* _Task description_:
Every line of the material below should be repeated exactly.

* _Exercise material_:
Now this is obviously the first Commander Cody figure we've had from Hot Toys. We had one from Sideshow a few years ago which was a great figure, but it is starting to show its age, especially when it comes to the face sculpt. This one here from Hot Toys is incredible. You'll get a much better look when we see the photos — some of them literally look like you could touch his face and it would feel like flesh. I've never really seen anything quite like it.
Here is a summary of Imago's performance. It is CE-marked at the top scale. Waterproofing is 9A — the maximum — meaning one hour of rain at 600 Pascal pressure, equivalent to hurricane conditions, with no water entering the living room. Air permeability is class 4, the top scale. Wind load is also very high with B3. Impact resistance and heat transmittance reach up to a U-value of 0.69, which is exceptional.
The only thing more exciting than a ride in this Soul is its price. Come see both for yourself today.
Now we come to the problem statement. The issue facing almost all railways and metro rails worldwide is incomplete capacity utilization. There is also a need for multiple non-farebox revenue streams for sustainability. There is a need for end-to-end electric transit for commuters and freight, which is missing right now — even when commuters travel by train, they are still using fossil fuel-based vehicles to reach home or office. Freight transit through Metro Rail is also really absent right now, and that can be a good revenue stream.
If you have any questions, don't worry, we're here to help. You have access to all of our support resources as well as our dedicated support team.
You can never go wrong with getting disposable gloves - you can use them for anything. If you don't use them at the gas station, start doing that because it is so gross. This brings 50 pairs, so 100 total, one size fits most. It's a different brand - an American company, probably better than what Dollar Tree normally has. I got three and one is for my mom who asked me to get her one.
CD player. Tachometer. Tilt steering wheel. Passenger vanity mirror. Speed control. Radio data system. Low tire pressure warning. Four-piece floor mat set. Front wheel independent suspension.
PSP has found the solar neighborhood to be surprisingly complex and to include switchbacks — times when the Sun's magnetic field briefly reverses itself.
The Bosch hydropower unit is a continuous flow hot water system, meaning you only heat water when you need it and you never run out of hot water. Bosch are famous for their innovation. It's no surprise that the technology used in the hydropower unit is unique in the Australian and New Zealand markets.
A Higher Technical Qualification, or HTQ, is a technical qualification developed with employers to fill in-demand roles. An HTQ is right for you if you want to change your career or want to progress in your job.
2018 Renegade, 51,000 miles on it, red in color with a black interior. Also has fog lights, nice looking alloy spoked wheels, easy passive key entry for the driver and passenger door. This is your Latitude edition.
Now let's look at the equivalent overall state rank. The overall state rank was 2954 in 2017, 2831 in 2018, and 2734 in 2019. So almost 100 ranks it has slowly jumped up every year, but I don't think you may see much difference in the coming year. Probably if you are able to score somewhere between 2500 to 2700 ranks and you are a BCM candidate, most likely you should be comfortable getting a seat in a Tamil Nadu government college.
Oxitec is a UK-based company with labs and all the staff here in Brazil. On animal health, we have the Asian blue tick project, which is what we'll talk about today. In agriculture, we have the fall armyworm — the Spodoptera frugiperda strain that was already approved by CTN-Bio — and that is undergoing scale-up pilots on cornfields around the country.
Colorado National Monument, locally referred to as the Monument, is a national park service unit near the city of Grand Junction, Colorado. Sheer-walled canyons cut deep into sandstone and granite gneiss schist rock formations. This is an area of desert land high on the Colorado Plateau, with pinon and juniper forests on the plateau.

* _Exercise solution_:
Now this is obviously the first Commander Cody figure we've had from Hot Toys. We had one from Sideshow a few years ago which was a great figure, but it is starting to show its age, especially when it comes to the face sculpt. This one here from Hot Toys is incredible. You'll get a much better look when we see the photos — some of them literally look like you could touch his face and it would feel like flesh. I've never really seen anything quite like it.
Here is a summary of Imago's performance. It is CE-marked at the top scale. Waterproofing is 9A — the maximum — meaning one hour of rain at 600 Pascal pressure, equivalent to hurricane conditions, with no water entering the living room. Air permeability is class 4, the top scale. Wind load is also very high with B3. Impact resistance and heat transmittance reach up to a U-value of 0.69, which is exceptional.
The only thing more exciting than a ride in this Soul is its price. Come see both for yourself today.
Now we come to the problem statement. The issue facing almost all railways and metro rails worldwide is incomplete capacity utilization. There is also a need for multiple non-farebox revenue streams for sustainability. There is a need for end-to-end electric transit for commuters and freight, which is missing right now — even when commuters travel by train, they are still using fossil fuel-based vehicles to reach home or office. Freight transit through Metro Rail is also really absent right now, and that can be a good revenue stream.
If you have any questions, don't worry, we're here to help. You have access to all of our support resources as well as our dedicated support team.
You can never go wrong with getting disposable gloves - you can use them for anything. If you don't use them at the gas station, start doing that because it is so gross. This brings 50 pairs, so 100 total, one size fits most. It's a different brand - an American company, probably better than what Dollar Tree normally has. I got three and one is for my mom who asked me to get her one.
CD player. Tachometer. Tilt steering wheel. Passenger vanity mirror. Speed control. Radio data system. Low tire pressure warning. Four-piece floor mat set. Front wheel independent suspension.
PSP has found the solar neighborhood to be surprisingly complex and to include switchbacks — times when the Sun's magnetic field briefly reverses itself.
The Bosch hydropower unit is a continuous flow hot water system, meaning you only heat water when you need it and you never run out of hot water. Bosch are famous for their innovation. It's no surprise that the technology used in the hydropower unit is unique in the Australian and New Zealand markets.
A Higher Technical Qualification, or HTQ, is a technical qualification developed with employers to fill in-demand roles. An HTQ is right for you if you want to change your career or want to progress in your job.
2018 Renegade, 51,000 miles on it, red in color with a black interior. Also has fog lights, nice looking alloy spoked wheels, easy passive key entry for the driver and passenger door. This is your Latitude edition.
Now let's look at the equivalent overall state rank. The overall state rank was 2954 in 2017, 2831 in 2018, and 2734 in 2019. So almost 100 ranks it has slowly jumped up every year, but I don't think you may see much difference in the coming year. Probably if you are able to score somewhere between 2500 to 2700 ranks and you are a BCM candidate, most likely you should be comfortable getting a seat in a Tamil Nadu government college.
Oxitec is a UK-based company with labs and all the staff here in Brazil. On animal health, we have the Asian blue tick project, which is what we'll talk about today. In agriculture, we have the fall armyworm — the Spodoptera frugiperda strain that was already approved by CTN-Bio — and that is undergoing scale-up pilots on cornfields around the country.
Colorado National Monument, locally referred to as the Monument, is a national park service unit near the city of Grand Junction, Colorado. Sheer-walled canyons cut deep into sandstone and granite gneiss schist rock formations. This is an area of desert land high on the Colorado Plateau, with pinon and juniper forests on the plateau.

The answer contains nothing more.